A debate on general criteria for replacing oppressive regimes is a waste of time. Even if you established benchmarks for regime change, their application to specific cases would always come up; there would be disagreements, exceptions and unanticipated situations.
This is not the simple world of big business that Paul Martin came from, where all concerns can be reduced to a numerical entry on a bottom line and measured. This is the real world of genocide, suicide and terrorism.
Besides, the problem with invasions and overthrows is not deciding whether this or that regime should be tossed, because nations will disagree on whom to overthrow, and the world lacks a CEO who can call the final shot. In international affairs, you have a system of sovereign states and partially independent actors. If someone acts without the consent of others, he is inviting retaliation, formation of counterblocs, terrorism, etc.
So the issue becomes not why to intervene, but how to decide when to intervene. Can anyone invade on their own hook, or is there a mandatory international process, however flawed and tenuous, to rein in the results? This is why Canada abstained from the war: a fear of the precedent and its consequences. It is the spectre of lawlessness that makes people everywhere fear the United States, because of the kind of chaotic world it encourages.

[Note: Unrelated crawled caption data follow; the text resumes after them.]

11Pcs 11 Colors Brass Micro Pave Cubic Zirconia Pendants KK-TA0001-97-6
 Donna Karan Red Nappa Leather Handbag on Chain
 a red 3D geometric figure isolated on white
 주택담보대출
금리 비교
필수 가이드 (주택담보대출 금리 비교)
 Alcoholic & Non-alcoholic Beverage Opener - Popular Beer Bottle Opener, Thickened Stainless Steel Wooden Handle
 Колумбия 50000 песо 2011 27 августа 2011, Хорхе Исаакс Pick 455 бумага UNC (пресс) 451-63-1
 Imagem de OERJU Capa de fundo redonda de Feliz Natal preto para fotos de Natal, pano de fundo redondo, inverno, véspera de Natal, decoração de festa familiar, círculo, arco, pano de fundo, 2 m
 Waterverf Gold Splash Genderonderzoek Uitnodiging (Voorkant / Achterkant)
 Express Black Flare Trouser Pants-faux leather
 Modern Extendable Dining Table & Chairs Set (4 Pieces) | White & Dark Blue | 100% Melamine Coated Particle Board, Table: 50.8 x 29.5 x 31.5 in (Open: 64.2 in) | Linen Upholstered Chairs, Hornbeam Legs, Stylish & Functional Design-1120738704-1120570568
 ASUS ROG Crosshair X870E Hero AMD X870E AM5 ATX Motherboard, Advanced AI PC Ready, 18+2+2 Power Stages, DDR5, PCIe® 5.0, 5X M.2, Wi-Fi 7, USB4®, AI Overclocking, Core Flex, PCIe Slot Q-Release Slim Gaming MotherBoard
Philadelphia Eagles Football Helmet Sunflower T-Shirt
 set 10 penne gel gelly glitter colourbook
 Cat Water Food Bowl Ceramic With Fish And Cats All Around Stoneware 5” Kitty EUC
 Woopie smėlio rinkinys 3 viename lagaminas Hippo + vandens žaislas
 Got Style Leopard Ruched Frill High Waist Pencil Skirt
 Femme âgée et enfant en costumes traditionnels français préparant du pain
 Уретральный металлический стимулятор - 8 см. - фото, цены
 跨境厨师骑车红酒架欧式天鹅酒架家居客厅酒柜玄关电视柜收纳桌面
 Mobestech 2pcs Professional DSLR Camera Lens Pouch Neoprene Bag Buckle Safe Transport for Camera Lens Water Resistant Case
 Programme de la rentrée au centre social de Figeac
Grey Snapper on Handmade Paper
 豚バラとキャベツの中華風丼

It is stunning that Paul Martin, whose father played a role in creating the United Nations, seems to ignore this issue of building a global order in order to devise abstract criteria for dumping bad guys.
Finally, his response is basically ignorant and subservient to U.S. propaganda. The United States did not say it was going to invade Iraq because of oppression. It said Iraq had dangerous weapons of mass destruction, and was linked to al-Qaeda. When those claims collapsed, the United States switched to oppression. Paul Martin talks as if that was their motive all along.
Now contrast that to the views of Howard Dean, leading contender for the Democratic presidential nomination in the United States. He opposes the invasion because it made the United States “no safer” from terror. That’s it, two words, three syllables. They are neither foolish, irrelevant nor clearly false. It’s a limited achievement. He does not say the invasion made the United States less safe, by increasing support for terrorism and fundamentalism, rather than undermining them. Nor does he relate the rise of terror to U.S. policies such as support for Islamic fundamentalism in the 1980s. (As Eqbal Ahmad often said, terrorism has no justification, but it does have a history, and if you want to defeat it, you better understand your role in that history.)
Governor Dean does not even challenge the usual U.S. personalization of all conflict, so that getting Osama or getting Saddam is the ultimate goal. On this and other matters, he’s no radical.
But it’s the United States, and the guy is a daredevil in normal terms. He has broken with the famed bipartisan consensus on foreign policy. Republicans pray he will be their opponent. Everyone with a degree in punditry says he is too extreme for mainstream opinion. Clinton Democrats are apoplectic.
What you might argue is that political leadership is precisely the ability to move and shift what has been too rigidly defined as the mainstream, rather than catering to it or wandering off into Martinesque fantasies about what might matter in the world if it were a different place.